Matthew Richer wrote recently that
Romney won the 2002 Governor’s race in Massachusetts largely because he piggy-backed on one of Ron Unz’s anti-bilingual education initiatives, which carried overwhelmingly as usual. (cf. California governor Peter Wilson’s come-from-behind re-election in 1994, piggy-backing on Prop 187). This took a certain nerve, because the initiative was, as usual, opposed by the entire Massachusetts political Establishment.
In The American Conservative today, Ron Unz has an article about that campaign:How I Made Mitt
With Mitt Romney now the de facto Republican presidential nominee, I sometimes recall how I inadvertently launched his political career a decade ago, which is less implausible than it might sound.
Unlike the vast majority of previous major-party presidential candidates, Romney has a remarkably slender record of election victories, having previously won just a single race, his 2002 election as governor of Massachusetts.

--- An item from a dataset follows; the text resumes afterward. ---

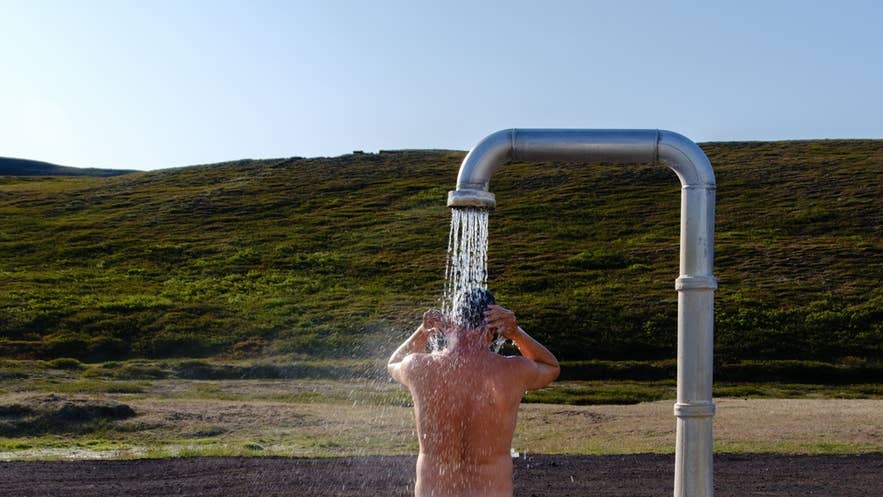 Icelander showering outdoors before entering a geothermal hot spring, following Iceland’s bathing etiquette. Icelander showering outdoors before entering a geothermal hot spring, following Iceland’s bathing etiquette.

In 1994, he had taken a break from his long and highly successful career in private equity to challenge Sen. Edward Kennedy’s reelection. Although he then positioned himself as a very liberal Republican and even attempted to outflank Kennedy to the left on some issues, Massachusetts was a heavily Democratic state and Kennedy was its leading political icon. Romney suffered a landslide defeat, losing by 17 points to his famous opponent despite a huge national Republican tide.[More]
Read the whole thing. Important point—Romney's positions were more or less identical to those of his Democratic opponent, except for his support for an end to bilingual education. And he had to be forced into supporting that. Richer went on to say that
ut the personal experience of the electoral power of the National Question seems to have left little impression on Romney. He clearly does not really care about or even understand the Official English issue—Rick Santorum was easily able to skewer Romney’s unprincipled betrayal of it in this year’s Puerto Rico primary.
Unz concludes his article by saying
Then, on Election Day, our measure won by over 32 points, perhaps the largest landslide of any contested initiative in modern Massachusetts history, while Romney scraped across the finish line with 49.8 percent of the vote. And that’s how Romney won his first and only election victory.